5. The product of three consecutive positive integers is 210. What is the sum of these three integers?
6. For how many positive integers $n$ is $\frac{24}{n}$ an integer?
7. If $p$ is a prime number greater than 3, what is the remainder when $p^2$ is divided by 3? (Hint: Use Khan Academy's divisibility rules for help).
8. If $x$ is a multiple of 6 and $y$ is a multiple of 9, then $x + y$ must be a multiple of which of the following?
   (A) 15
   (B) 18
   (C) 3
   (D) 54
9. If $m$ is an even integer and $n$ is an odd integer, which of the following is always even?
   (A) $m + n$
   (B) $mn + n$
   (C) $m^2 + n^2$
   (D) $m(n + 1)$
10. What is the smallest positive integer that is divisible by 3, 4, and 10?

Answers & Explanations

1. Answer: (C). Let $x = 2$ and $y = 1$. (A) $2 \times 1 = 2$ (Even). (B) $2^1 = 2$ (Even). (C) $(2+1) \times 1 = 3$ (Odd). (D) $2 + 2(1) = 4$ (Even). Only C is odd.
2. Answer: 26. Let the integers be $n, n+1, n+2, n+3, n+4$. Their sum is $5n + 10 = 120$. Subtract 10: $5n = 110$. Divide by 5: $n = 22$. The greatest integer is $n+4 = 22+4 = 26$.
3. Answer: 7. Let $n = 13$ (since $13 \div 8$ leaves remainder 5). Then $n + 10 = 13 + 10 = 23$. $23 \div 8 = 2$ with a remainder of 7.
4. Answer: 11. Since the sum $a + b = 15$ is odd, one number must be even and the other odd. The only even prime number is 2. If $b = 2$, then $a = 13$. Both are prime. $a - b = 13 - 2 = 11$.
5. Answer: 18. We need $n(n+1)(n+2) = 210$. Since $\sqrt[3]{210} \approx 5.9$, try integers around 6. $5 \times 6 \times 7 = 210$. The sum is $5 + 6 + 7 = 18$.
6. Answer: 8. We need the number of factors of 24. Prime factorization is $24 = 2^3 \times 3^1$. Number of factors = $(3+1) \times (1+1) = 4 \times 2 = 8$. The factors are 1, 2, 3, 4, 6, 8, 12, 24.
7. Answer: 1. Prime numbers greater than 3 (like 5, 7, 11) are not divisible by 3. Squaring them: $5^2=25, 7^2=49, 11^2=121$. In all cases, the remainder when divided by 3 is 1.
8. Answer: (C). $x = 6k$ and $y = 9m$. $x + y = 6k + 9m = 3(2k + 3m)$. Since 3 is a factor, the sum must be a multiple of 3. It is not always a multiple of 18 (e.g., $6 + 9 = 15$).
9. Answer: (D). Let $m = 2, n = 1$. (A) $2+1=3$. (B) $2(1)+1=3$. (C) $4+1=5$. (D) $2(1+1)=4$. Rule: Even $\times$ (Any Integer) is always Even.
10. Answer: 60. Find the Least Common Multiple (LCM) of 3, 4, and 10. Prime factors: $3=3, 4=2^2, 10=2 \times 5$. LCM = $2^2 \times 3 \times 5 = 60$.

Quick Quiz

Frequently Asked Questions

What are number properties on the SAT?

Number properties are the fundamental rules governing integers, including concepts like even/odd parity, prime numbers, divisibility, factors, and remainders. They are used to test a student's ability to reason logically with numbers rather than just performing long-form calculations.
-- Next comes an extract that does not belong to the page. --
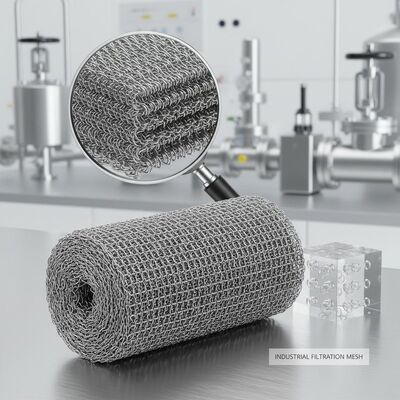Treillis métallique tricoté compressé flexible de 20 x 60 mm offrant une excellente filtration et une excellente stabilité structurelle dans les applications industrielles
How do I solve remainder questions quickly?

The most efficient strategy for remainder questions is to pick a small number that fits the criteria. If a number $n$ divided by 5 leaves a remainder of 3, simply use $n = 8$ (since $5 + 3 = 8$) to test the expressions provided in the question.

Is 1 a prime number on the SAT?

No, 1 is not considered a prime number on the SAT or in standard mathematics. A prime number must have exactly two distinct factors: 1 and itself, whereas 1 only has one factor.
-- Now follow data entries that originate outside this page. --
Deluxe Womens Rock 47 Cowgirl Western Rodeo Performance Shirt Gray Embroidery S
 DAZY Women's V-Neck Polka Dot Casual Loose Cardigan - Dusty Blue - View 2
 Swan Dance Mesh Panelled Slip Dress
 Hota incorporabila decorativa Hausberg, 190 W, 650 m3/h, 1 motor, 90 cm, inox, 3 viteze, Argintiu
What is the difference between a factor and a multiple?

A factor is a number that divides evenly into another number (e.g., 3 is a factor of 12), while a multiple is the product of a number and an integer (e.g., 12 is a multiple of 3). Factors are usually smaller than or equal to the number, while multiples are larger or equal.

How do consecutive integers affect sums?

The sum of an odd number of consecutive integers is always divisible by the number of integers in the set. For example, the sum of 3 consecutive integers is always a multiple of 3, which is a helpful shortcut for Medium SAT Word Problems.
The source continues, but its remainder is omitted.